DATA BELOW —
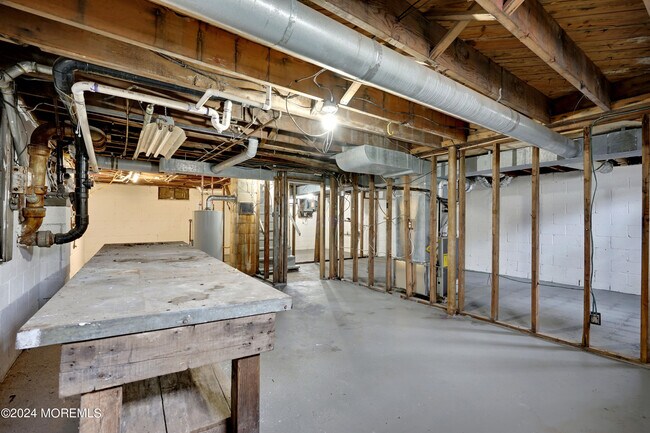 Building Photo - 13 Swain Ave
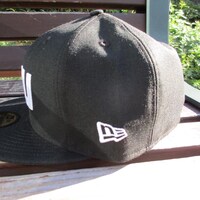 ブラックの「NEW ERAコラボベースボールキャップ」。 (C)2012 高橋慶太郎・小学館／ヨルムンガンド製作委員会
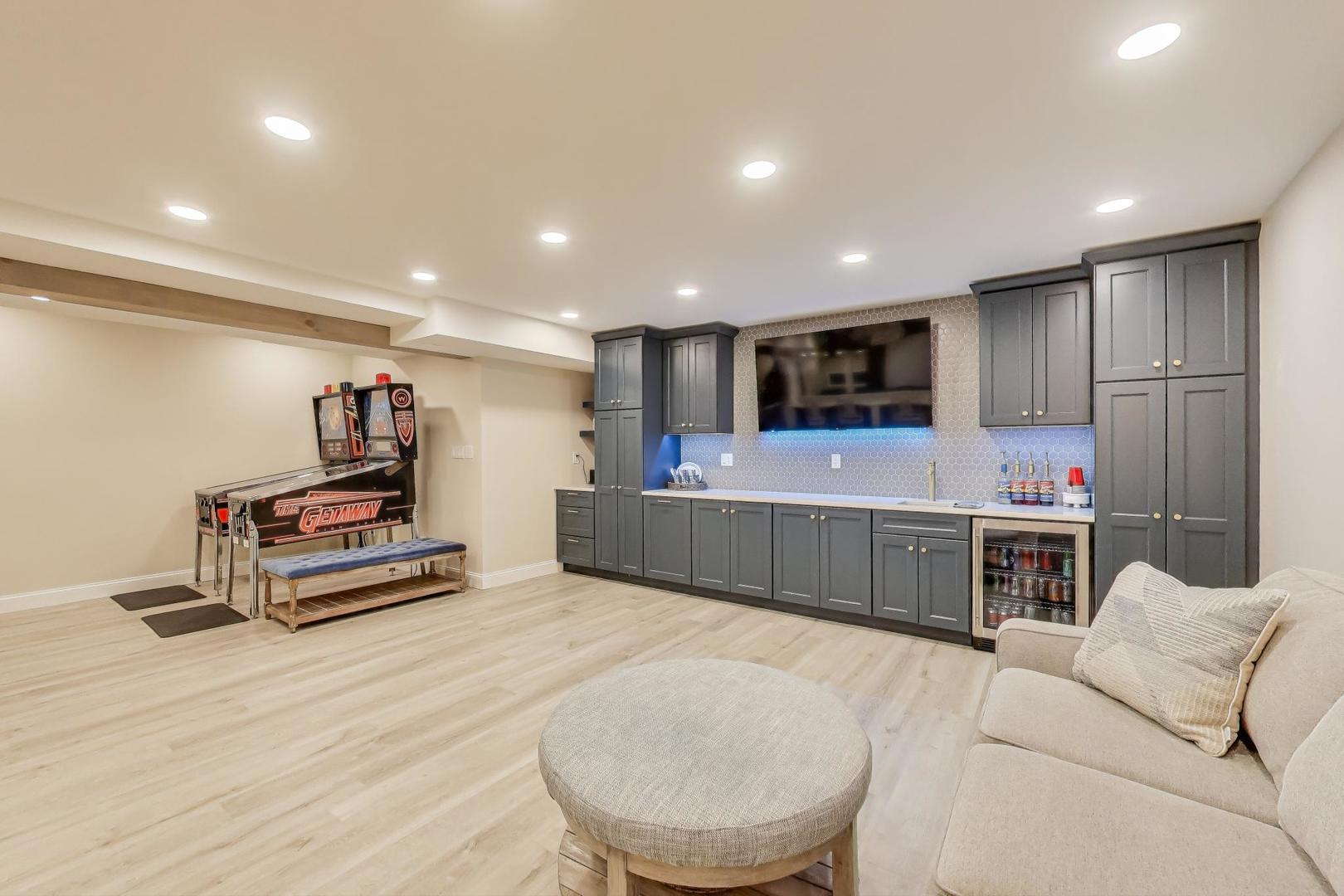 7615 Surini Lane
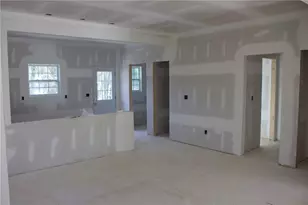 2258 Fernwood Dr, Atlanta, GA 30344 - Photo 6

YOUR ASSIGNMENT —
Repeat all the material above exactly, apart from the pictures.

YOUR RESPONSE —
 Building Photo - 13 Swain Ave
 ブラックの「NEW ERAコラボベースボールキャップ」。 (C)2012 高橋慶太郎・小学館／ヨルムンガンド製作委員会
 7615 Surini Lane
 2258 Fernwood Dr, Atlanta, GA 30344 - Photo 6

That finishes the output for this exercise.